We were declared dead, but now we’re alive

February 18th, Salgadih Village, Khunti District, Jharkhand

The National Old Age Pension Scheme provides financial security to over 19.2 million people over the age of 60 in India. For many, the small yet vital sum comes after jumping through many loopholes in the system. Community Correspondent Amita Tuti found one such case in Salgadih and recorded a video, which eventually helped Omto Devi and three other women receive the benefits due to them.

In 2013 the four women had been mysteriously stopped receiving their monthly old-age pension, a sum of around INR 500 per month, from the government. This pension was their only source of income. On visiting the bank, they found that they had been declared dead in the beneficiary list. The inspector who had visited the village to corroborate the list had not found them at home and therefore struck them off, no questions asked.

A 2013 survey report of the National Old Age Pension Scheme in Jharkhand and Chhattisgarh confirms that there are several delays in getting elderly their pensions- this includes delays from the bank; difficulties in getting to banks as well as a few instances of corruption. It lays down certain recommendations to improve the system including an increase in the sum given out as the present amount is inadequate to cover medical and food expenses. 
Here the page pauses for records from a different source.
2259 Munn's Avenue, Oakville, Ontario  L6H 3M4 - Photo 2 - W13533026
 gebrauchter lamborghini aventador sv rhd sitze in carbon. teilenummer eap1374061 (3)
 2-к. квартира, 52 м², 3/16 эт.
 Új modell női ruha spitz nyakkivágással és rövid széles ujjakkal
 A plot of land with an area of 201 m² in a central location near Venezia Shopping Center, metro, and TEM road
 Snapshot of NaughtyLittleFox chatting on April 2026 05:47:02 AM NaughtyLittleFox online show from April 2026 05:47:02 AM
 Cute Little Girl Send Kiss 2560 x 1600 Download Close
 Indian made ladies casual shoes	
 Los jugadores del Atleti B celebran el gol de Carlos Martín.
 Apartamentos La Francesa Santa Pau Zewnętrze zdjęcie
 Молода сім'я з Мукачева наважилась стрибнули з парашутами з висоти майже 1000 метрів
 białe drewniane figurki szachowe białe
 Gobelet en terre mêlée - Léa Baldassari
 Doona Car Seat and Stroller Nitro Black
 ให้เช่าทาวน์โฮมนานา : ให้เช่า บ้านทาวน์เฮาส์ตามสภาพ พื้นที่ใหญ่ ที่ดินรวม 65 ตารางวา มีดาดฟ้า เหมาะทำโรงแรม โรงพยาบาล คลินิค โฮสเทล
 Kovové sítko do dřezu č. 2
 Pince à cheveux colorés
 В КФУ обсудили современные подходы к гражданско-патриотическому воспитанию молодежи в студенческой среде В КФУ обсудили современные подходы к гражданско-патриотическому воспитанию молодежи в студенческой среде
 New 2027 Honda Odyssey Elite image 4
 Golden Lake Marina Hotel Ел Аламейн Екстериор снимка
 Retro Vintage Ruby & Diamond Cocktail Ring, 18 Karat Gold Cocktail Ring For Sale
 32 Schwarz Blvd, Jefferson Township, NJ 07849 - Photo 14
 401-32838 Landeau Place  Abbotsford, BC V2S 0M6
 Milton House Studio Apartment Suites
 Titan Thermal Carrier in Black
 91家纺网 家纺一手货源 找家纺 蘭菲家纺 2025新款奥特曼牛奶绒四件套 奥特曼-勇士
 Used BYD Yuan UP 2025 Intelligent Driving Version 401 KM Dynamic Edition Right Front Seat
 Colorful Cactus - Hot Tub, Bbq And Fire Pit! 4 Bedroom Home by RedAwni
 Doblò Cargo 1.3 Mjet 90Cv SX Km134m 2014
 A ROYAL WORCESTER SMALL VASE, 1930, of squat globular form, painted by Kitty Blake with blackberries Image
For two years the women faced extreme financial hardships, becoming dependant on the goodwill of their family members and neighbours for meeting daily costs. Not confident of visiting officials, they let the matter be. Amita who has made other videos on challenges faced by people in accessing benefits says that there are some fundamental ways in which the system is flawed. She says:

“Many of the lower level officials don’t do their jobs properly. In this case for instance, there should have been a public notice of the officer coming to do the check, the panchayat sevak (administrator at the village level) should have had a proper list and should have been aware of the situation with Omto Devi. This wasn’t the case. Officers at a Block and District level in turn depend on accounts from the field but rarely go to visit confirm whether things are working as they should.”

Amita visited the office of the Block Development Officer and the Chief Officer with the video. She took along Omto Devi and the other beneficiaries. Kanuram Nag, the Chief Officer was quick to help once he became aware of the mistake that had been made. Immediately he got the women’s name added on the list. Two months later the money (a revised sum of INR 600 per month) started appearing in their bank accounts.

“I’ve never worked on a story where change has come so fast, so this was a new and rather heartening experience. For both, the women and me it reinforced the belief that if officials are co-operative and attentive when problems are brought to their notice, challenges will be overcome. For people in my community, who feel scared and unconfident to approach officials with problems, this is an important learning, one that reinforces the importance of starting such dialogues,” shares Amita.